About Me

Originally, when I started at NYU, I was majoring in Film and Television at Tisch after a 3 year fellowship at The Ghetto Film School in the South Bronx, where one of my moms is from. I had fallen in love with movies, and how much research, world-building, and attention to detail it takes to create something worthwhile. After I transferred to The Gallatin School of Individualized Study, I discovered that I could be a world builder through other mediums, and I decided that I wanted to make art that an audience could physically connect with in the real world, and actively engage in. I am currently focused on creating tactile glass and ceramic pieces for viewers to touch and experience beyond just sight.

Glass is a liquid and a solid. It’s fragile and strong. It’s pure and dirty. It’s a barrier and an invitation. It’s a holy material and a cursed one. It’s malleable and unbendable. It combines with metals to create color, and yet it does not react with most chemicals to be used in most chemical experiments. It’s incredibly cheap and pricelessly expensive. Anyone can do it, and no one can do it perfectly. It’s made by a machine, and by man. It is infinitely reusable and must be destroyed as a biohazard. It is seen and unseen. It is a window, and it is a wall. It is a human material, and one made by the earth herself.

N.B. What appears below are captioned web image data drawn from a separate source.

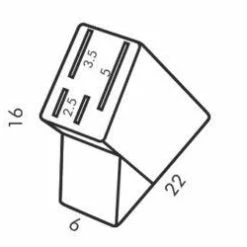 Null Tescoma Messerblock Universal Unbestückt Ohne Messer Für 4 Messer Aus Holz -Null Shop 96006887 6f0e 43f0 9efa 3b5b79c898fb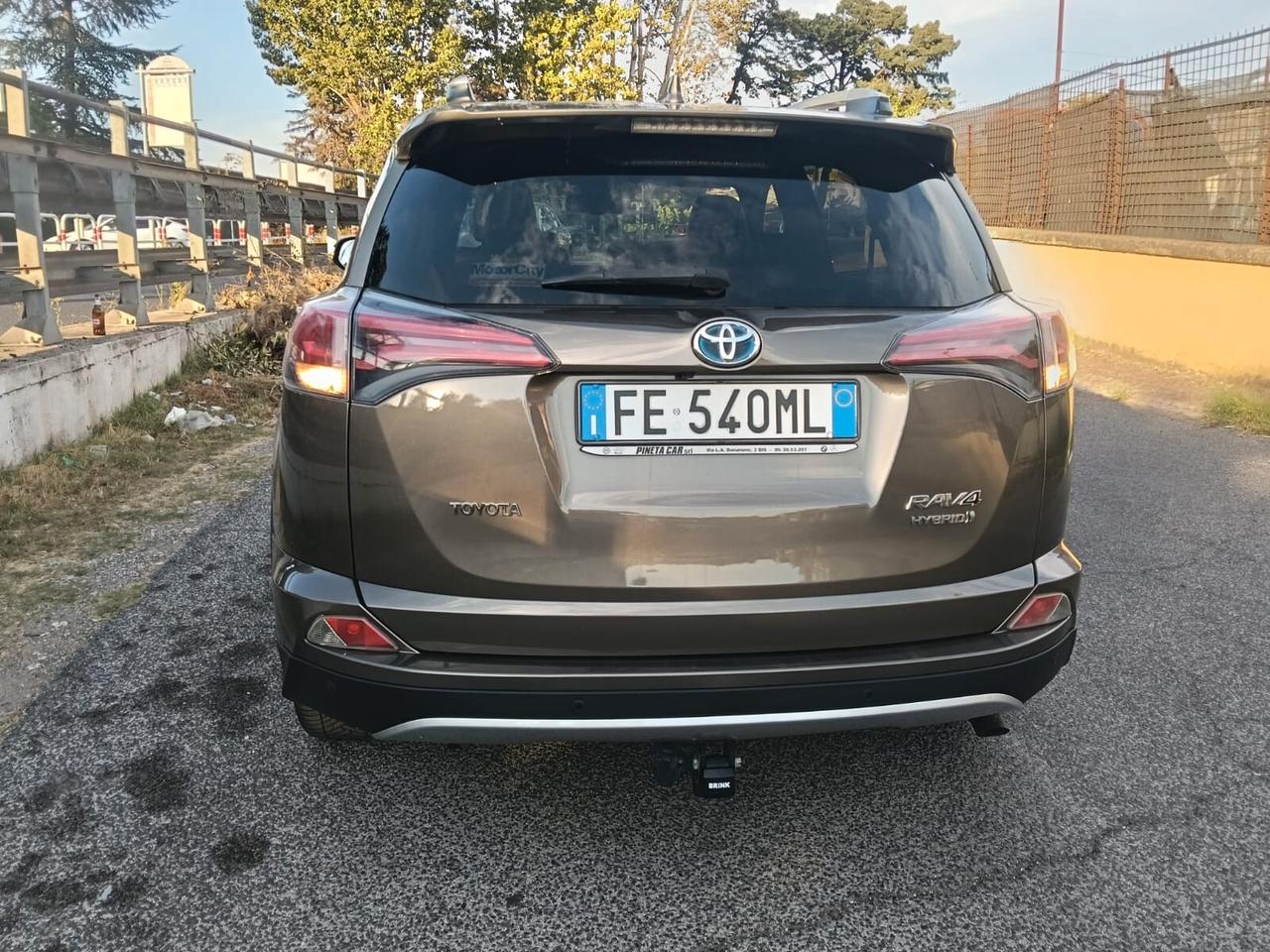 Toyota RAV4 2.5 Hybrid AWD E-Four (197 CV) + GPL Landi + Gancio Brink - 2016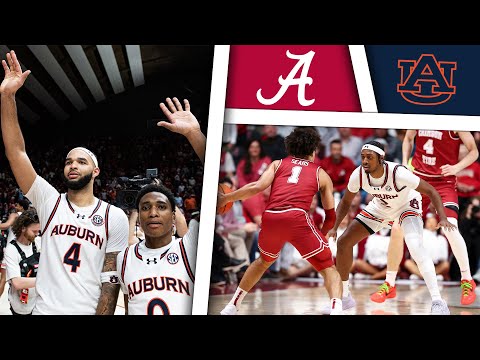 No. 1 Auburn vs No. 2 Alabama Highlights | IRON BOWL CLASSIC!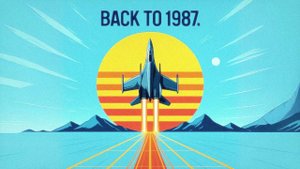 ＣＹＢＥＲＷＡＶＥ　１９８７ // Retrowave ~ Synthwave ~ Chillsynth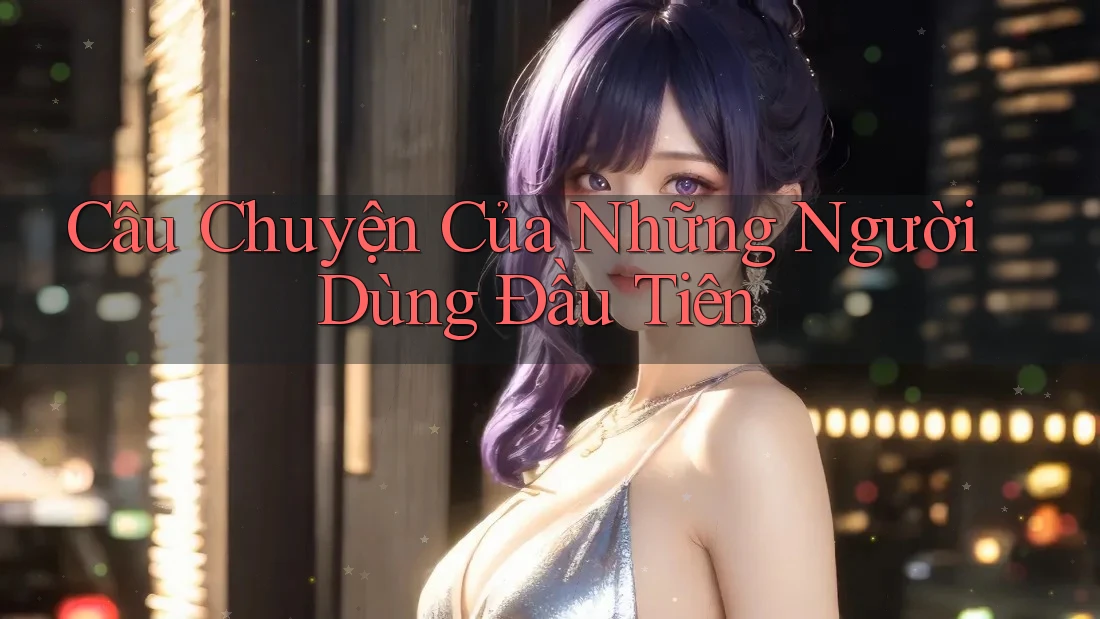 Câu chuyện của những người dùng đầu tiên Câu chuyện của những người dùng đầu tiên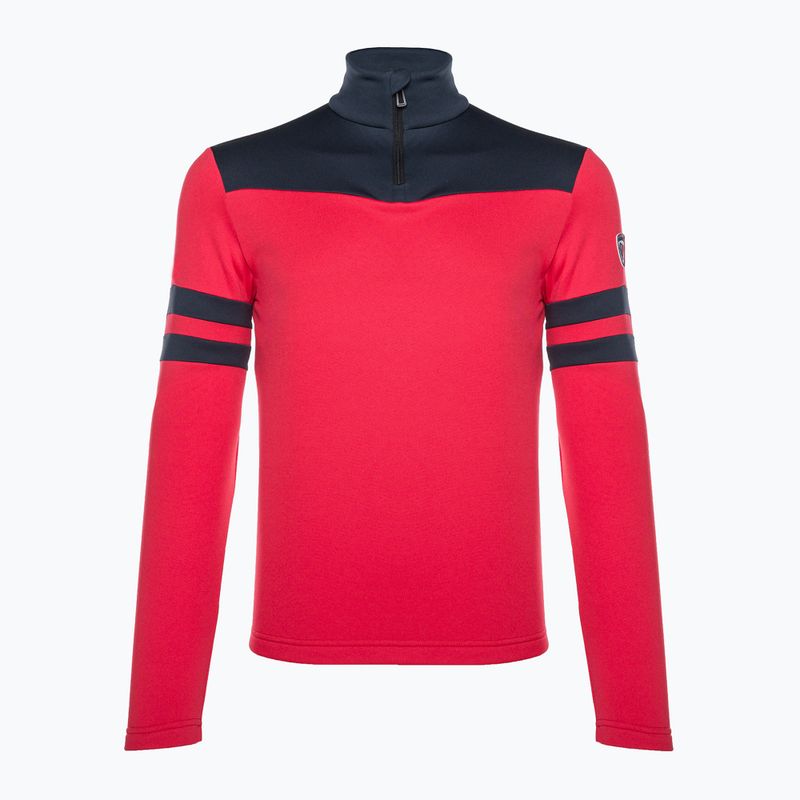 Herren Thermoaktiv-Sweatshirt Rossignol Resort 1/2 Zip sports red 7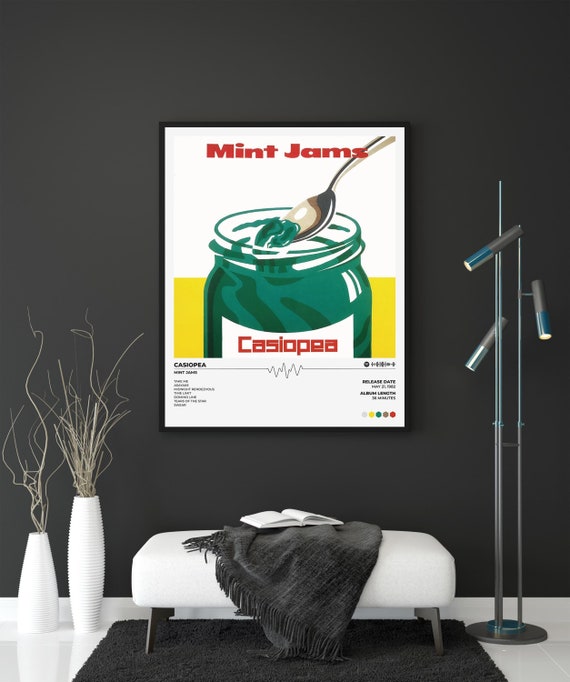 邦楽 MintJam / Prometheus ATUD-0002 CD Casiopea Poster | Mint Jams Album | Unframed | Album Cover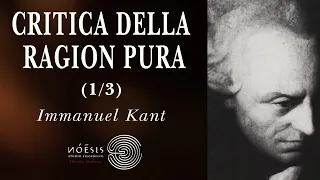 KANT, Critica della Ragion PURA [1/3]: Giudizi Sintetici a Priori ed Estetica Trascendentale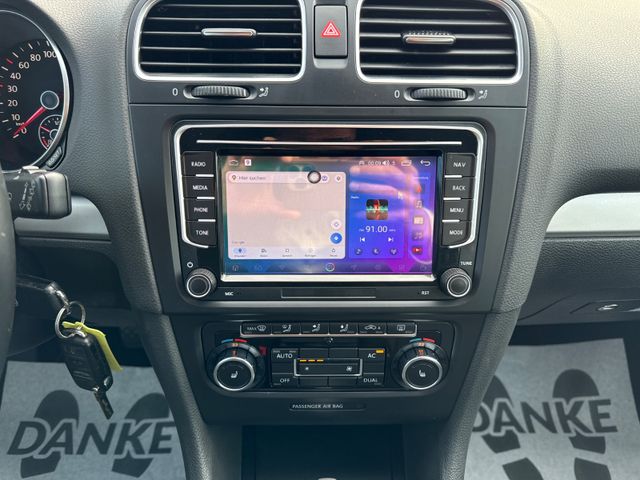 Volkswagen Golf VI Highline Klima Navi SHZ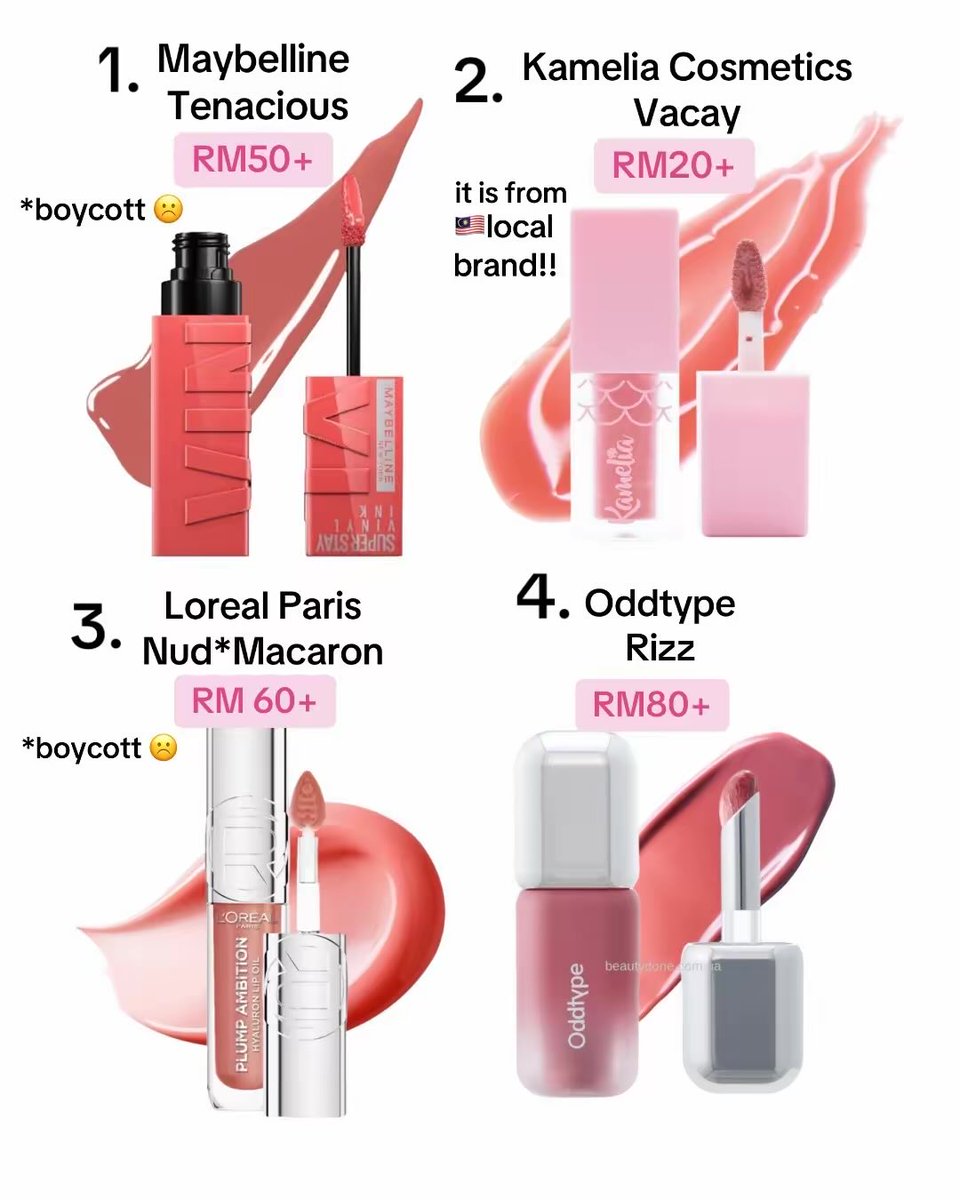 Kamelia Cosmetics tweet media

 I could keep going, but I think you understand the point; there is nothing like this incredible material, and by learning to become a glass artist and crafter, I have become intimately acquainted with these contradictions. These contradictions allow me to see the things I learn through the lens of glass, and I can explore ideas about climate change, memory, and creation through the nuances of glass. It allows me to flow through the cracks of ideas, and bring different pieces of knowledge together, like a stained glass piece.